[Start of Attachment]
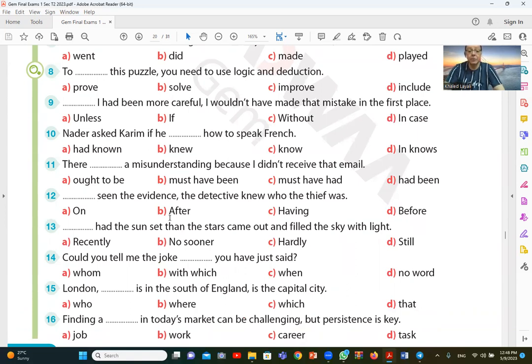Question number twelve: having seen the evidence, the detective knew who the thief was. Having seen the evidence — when the detective saw the truth, he knew who the thief was. Having seen is the correct answer.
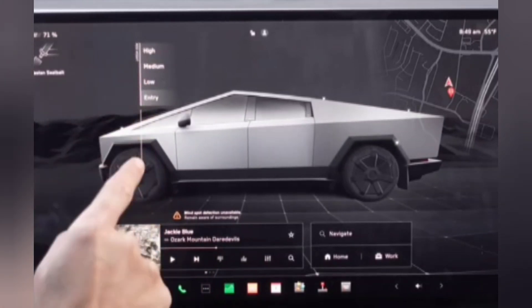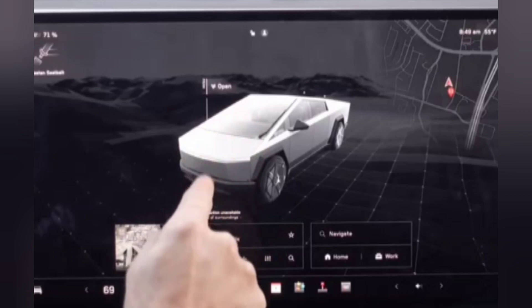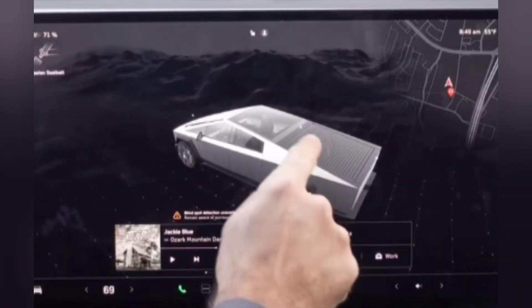Inside, it's a tech-lover's dream. Spacious, comfy, and packed with the latest gadgets — an 18.5-inch touchscreen up front and a 9.4-inch one in the back. Plus a state-of-the-art sound system to keep your soundtrack pumping.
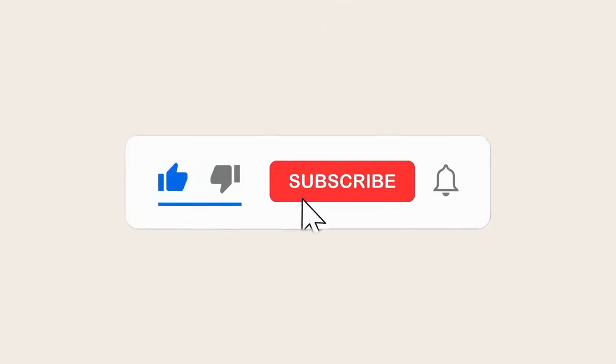Hi everyone, welcome back to Ollie and Ollie's channel. In today's video, I'm going to be showing you my bunny setup and talking about why I do not free roam my bunnies.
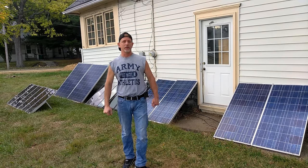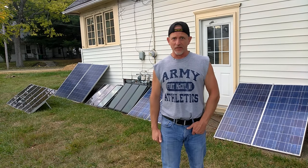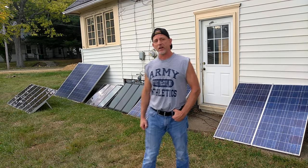Welcome to DIY Solar and Wind. I have 10 solar panels and approximately 1150 watts per peak sun hour. Here in Michigan we have an average of 4 peak sun hours.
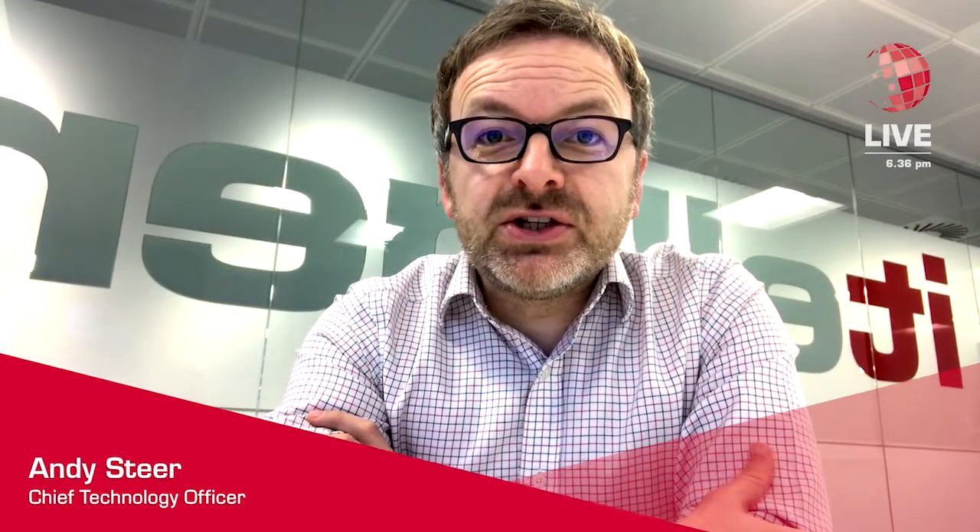Hi everybody, Andy Steer from ITelligence here again. Just a very quick blog — I've just finished a session today with one of our customers in our Glasgow Support Centre, and today we were talking about transitions to S4 HANA and how we can support them to put together a road map.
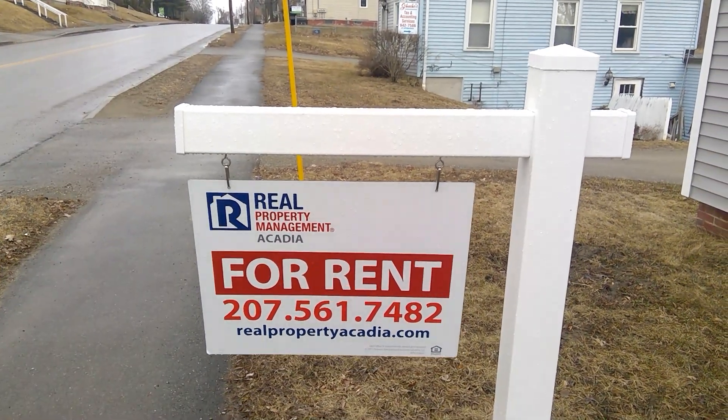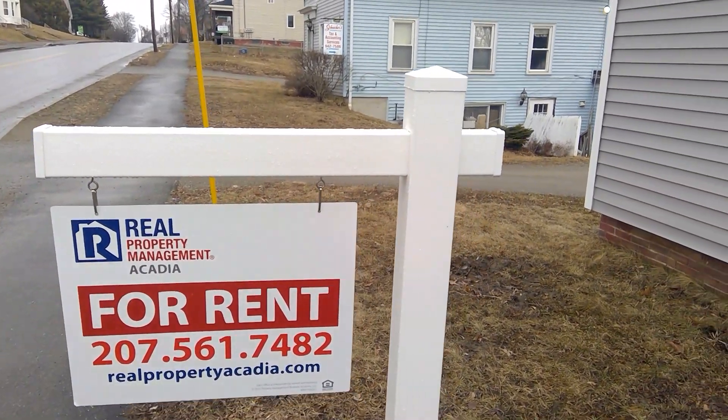This is a showing of 321 Broadway, a two-bedroom, one-bathroom cape in Bangor.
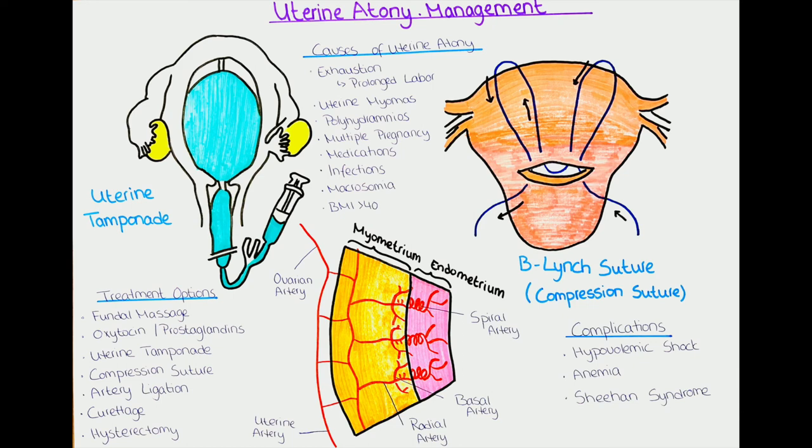What are the complications of uterine atony? In case of delayed or ineffective treatment, the patient may develop hypovolemic shock. Sheehan syndrome can also occur — a necrosis of the pituitary gland. During pregnancy the pituitary gland undergoes physiological hyperplasia, requiring increased blood supply; in postpartum hemorrhage, insufficient blood reaches the pituitary gland, causing ischemia and necrosis, which can lead to hypopituitarism. Anemia can also develop after severe blood loss and is usually treated with iron supplements until the lost blood volume is restored.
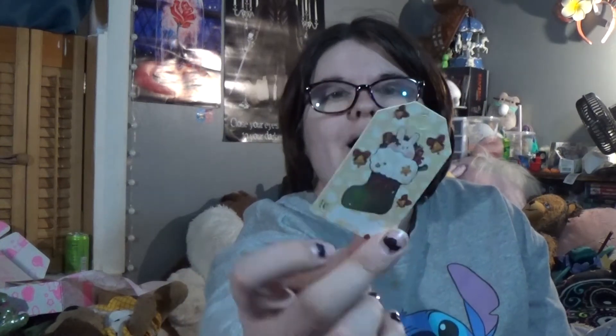It looks like we have little gift tags here. Here's one of them — it has a little bunny in a stocking, and it says 'To.' The 'From' is a little penguin in a stocking. Super cute. And then we have another one with reindeer on it, and the 'From' is a little chick. And then finally we have a little polar bear, and another polar bear on the other side. These are really, really cute — I think I'm going to keep them.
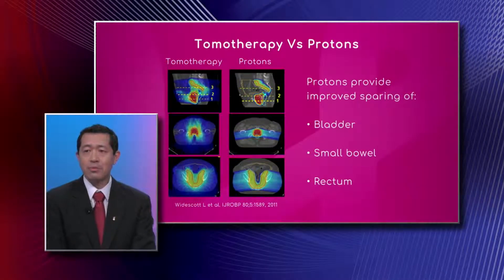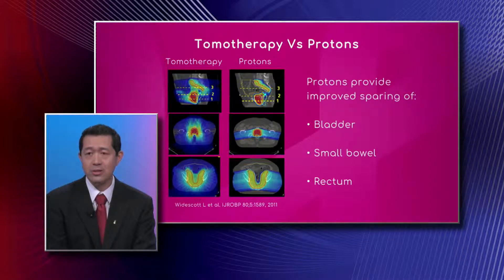This is an example of a prostate cancer patient who is receiving radiation to the prostate and the lymph nodes in the pelvis. The color represents dose — the bluer or cooler the color, the lower the dose, and the redder or orange the color, the higher the dose. The high-dose orange-red area is in the prostate, and the low-dose area around it is treating the lymph nodes.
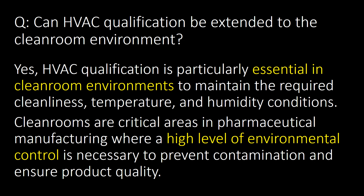Can HVAC qualification be extended to clean room environments? Yes. HVAC qualification is particularly essential in clean room environments to maintain the required cleanliness, temperature and humidity conditions. Clean rooms are critical areas in pharmaceutical manufacturing where a high level of environmental control is necessary to prevent contamination and ensure product quality.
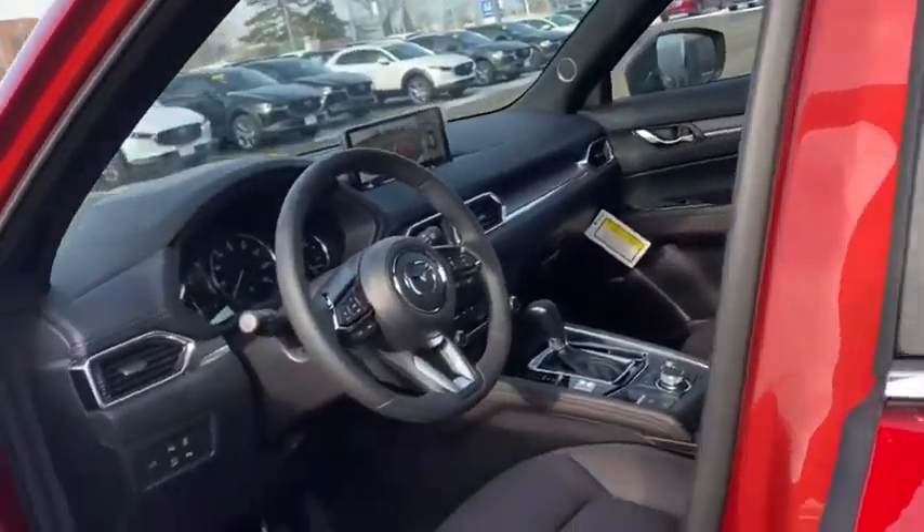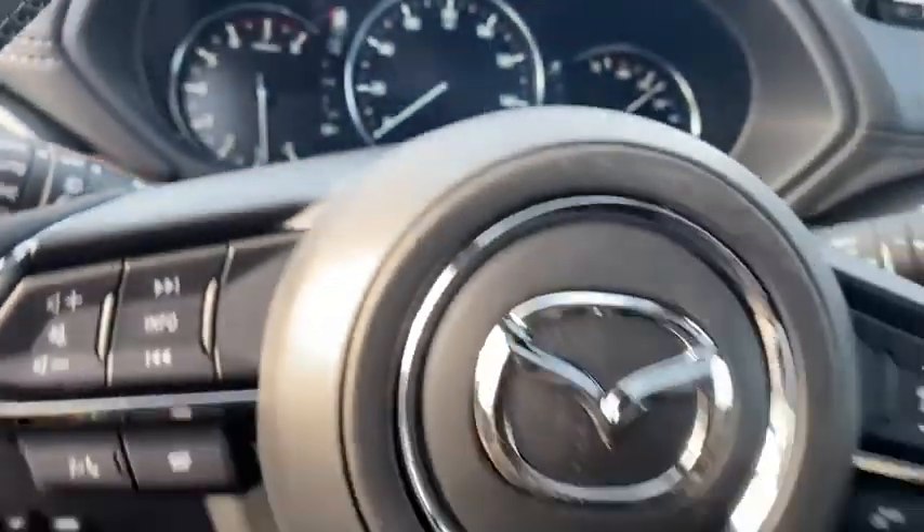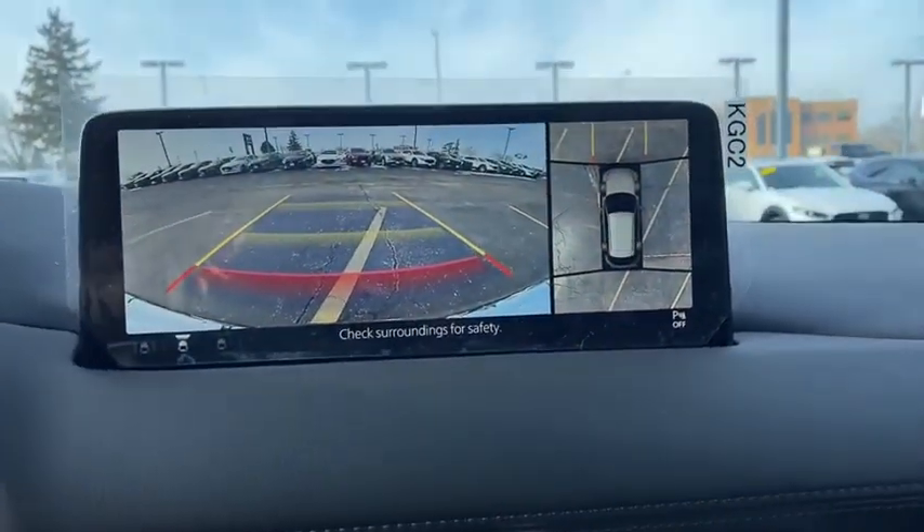Heated front seats, heated steering wheel, trip computer, power windows, rear window defroster, panic alarm, overhead console, power moonroof, leather seats, and remote keyless entry.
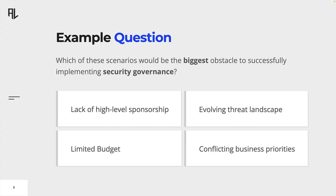To select the best answer, you should look out for keywords like best, worst, most, and so on. In this example, we are asked: which of these scenarios would be the biggest obstacle to successfully implementing security governance? The options provided all seem to make sense, meaning all of them are an obstacle to successfully implementing security governance in an organization. However, the lack of high-level sponsorship is by far the biggest obstacle, as top management has the power to assign more budget and rearrange business priorities.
[End of Attachment]
Your task =
From the first line of the entries above down to the line holding "Welcome to DIY", quote each line exactly and nothing else, skipping pictures.

Reply to the task =
Question number twelve: having seen the evidence, the detective knew who the thief was. Having seen the evidence — when the detective saw the truth, he knew who the thief was. Having seen is the correct answer.
Inside, it's a tech-lover's dream. Spacious, comfy, and packed with the latest gadgets — an 18.5-inch touchscreen up front and a 9.4-inch one in the back. Plus a state-of-the-art sound system to keep your soundtrack pumping.
Hi everyone, welcome back to Ollie and Ollie's channel. In today's video, I'm going to be showing you my bunny setup and talking about why I do not free roam my bunnies.
Welcome to DIY Solar and Wind. I have 10 solar panels and approximately 1150 watts per peak sun hour. Here in Michigan we have an average of 4 peak sun hours.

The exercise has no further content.